In strong winds, you’re most likely to be affected on exposed stretches like bridges or roads without trees lining them. You need to take care when overtaking large vehicles, as they might be blocking wind gusts that’ll hit you once you’ve passed.
What vehicles are most likely to be affected by high winds?
Some vehicles and road users are more susceptible to heavy winds than others. These include:
- Cyclists and motorbike riders
- Horse riders
- Vehicles that are relatively tall compared to their footprint (such as small hatchbacks or SUVs, campervans or cars with roof boxes)
Even if you’re not driving one of these vehicle types yourself, be alert when driving close to them in case of sudden swerving, and give bike riders more space.
When is it too windy to drive a car?
If you can see that trees are being blown sideways or if you feel that you could potentially be pushed over by the wind, you might want to think twice about getting in the car unless it’s absolutely necessary. The higher the wind speed, the more likely you are to come across fallen trees, debris and lorries swerving to fight the wind. In really high winds, you might see empty lorries with their curtains open so that they’re less susceptible to crosswinds.

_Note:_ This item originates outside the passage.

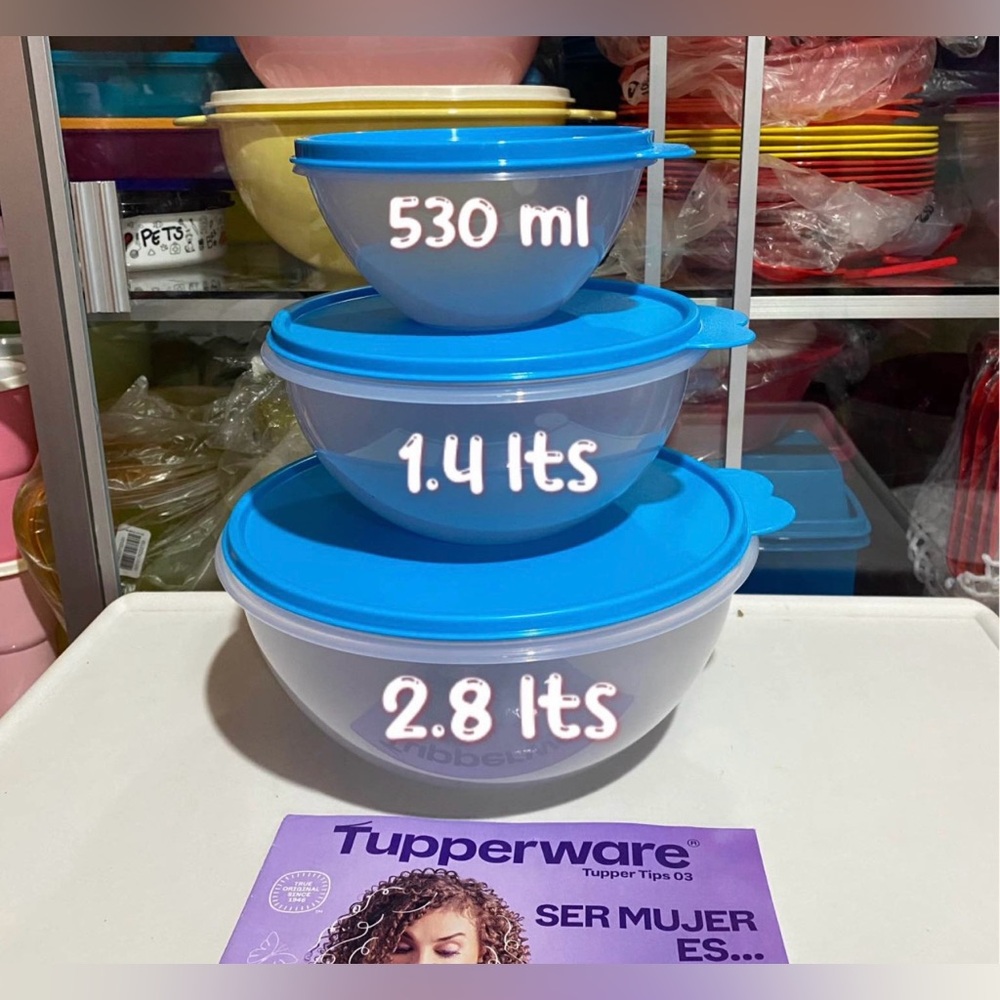 Tupperware mixing bowls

Is it better to drive fast or slow in high winds?
As with any adverse weather, it’s better to slow down when driving in strong winds. Really high winds can affect how your car brakes and drives, so it’s better to drive slower in these conditions so you have more control and more time to react. Increase the distance between you and the vehicle in front, so you can look further up the road and anticipate things changing.
How can I protect my car from wind storms?
The main thing you can do to protect your car from wind storms is to be careful where you park. In high winds, try not to park under trees or near anything that could damage your car – like errant supermarket trolleys.